As, the above paragraph explains, I resorted to a PL/SQL function to resolve the above requirement. the code looked like this :
FUNCTION get_reorder_lead_time (
p_part_number IN VARCHAR2,
p_root_parent IN VARCHAR2
) RETURN NUMBER IS
TYPE bom_rec IS RECORD (
part_number VARCHAR2(100),
parent_part VARCHAR2(100),
bom_level NUMBER,
part_lead_time NUMBER
);
TYPE bom_table_type IS TABLE OF bom_rec INDEX BY PLS_INTEGER;
bom_data bom_table_type;
TYPE child_map_type IS TABLE OF SYS.ODCIVARCHAR2LIST INDEX BY VARCHAR2(100);
child_map child_map_type;
TYPE time_map_type IS TABLE OF NUMBER INDEX BY VARCHAR2(100);
time_map time_map_type;
result_cache time_map_type;
v_idx INTEGER := 0;
FUNCTION calc_chain(p_part VARCHAR2) RETURN NUMBER IS
v_max_child_chain NUMBER := 0;
v_total NUMBER;
BEGIN
IF result_cache.EXISTS(p_part) THEN
RETURN result_cache(p_part);
END IF;
IF NOT child_map.EXISTS(p_part) THEN
result_cache(p_part) := NVL(time_map(p_part), 0);
RETURN result_cache(p_part);
END IF;
FOR i IN 1 .. child_map(p_part).COUNT LOOP
v_total := calc_chain(child_map(p_part)(i));
IF v_total > v_max_child_chain THEN
v_max_child_chain := v_total;
END IF;
END LOOP;
result_cache(p_part) := NVL(time_map(p_part), 0) + v_max_child_chain;
RETURN result_cache(p_part);
END;
BEGIN
FOR r IN (
SELECT part_number, parent_part, bom_level, NVL(part_lead_time, 0) AS part_lead_time
FROM bom_table
WHERE root_parent = p_root_parent
ORDER BY pk_seq
) LOOP
v_idx := v_idx + 1;
bom_data(v_idx).part_number := r.part_number;
bom_data(v_idx).parent_part := r.parent_part;
bom_data(v_idx).bom_level := r.bom_level;
bom_data(v_idx).part_lead_time := r.part_lead_time;
-- Store lead time
time_map(r.part_number) := r.part_lead_time;
-- Map child to parent
IF r.parent_part IS NOT NULL THEN
IF NOT child_map.EXISTS(r.parent_part) THEN
child_map(r.parent_part) := SYS.ODCIVARCHAR2LIST();
END IF;
child_map(r.parent_part).EXTEND;
child_map(r.parent_part)(child_map(r.parent_part).COUNT) := r.part_number;
END IF;
END LOOP;
IF NOT time_map.EXISTS(p_part_number) THEN
RETURN 0;
END IF;
RETURN calc_chain(p_part_number);
EXCEPTION
WHEN OTHERS THEN
RETURN 0;
END;
As you can see, not quite the easiest of functions to read, matter of fact it’s actually quite cryptic and has a lot of PL/SQL concepts employed which I will not go deep into explaining in this post, but at a high level the function accepts a part and it’s root parent as input arguments, generates a “tree” of subparents for that part, calculates the longest lead time at each hierarchy level, adds it to the specified part’s lead time and returns the “reorder lead time for that part”. (phew 😥)
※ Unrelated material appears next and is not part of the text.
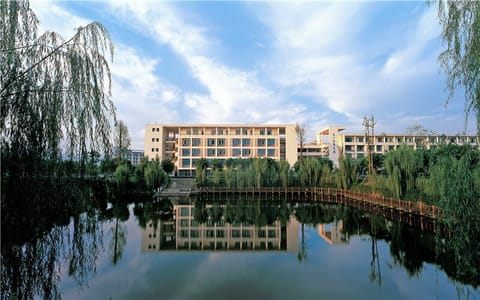 重庆科技大学·春湖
In practice this is the output returned by using the function:
select parent_part, part_number, bom_level, Part_lead_time, get_reorder_lead_time(part_number, root_parent) longest_lead_time
from bom_table
where root_parent = 'CAR'
and end_item = 'ENGINE'
ORDER BY BOM_LEVEL ASC
/
PARENT_PART PART_NUMBER BOM_LEVEL PART_LEAD_TIME LONGEST_LEAD_TIME
-------------------- -------------------- ---------- -------------- -----------------
CAR ENGINE 1 4 11
ENGINE CYLINDER 2 2 7
CYLINDER PISTON 3 3 4
CYLINDER VALVE 3 4 5
PISTON SCREW 4 1 1
VALVE SPRING 4 1 1
As explained earlier, you can see that the function correctly computes the longest lead time for an engine based on it’s subcomponnents and that is 11 days. the reorder lead time for every subcomponnent at any level of the BOM can be computed as well. the below query displays the same information for every part needed to build a “car” based on the sample data as well as using sys_connect_by_path to show the “tree” if you may.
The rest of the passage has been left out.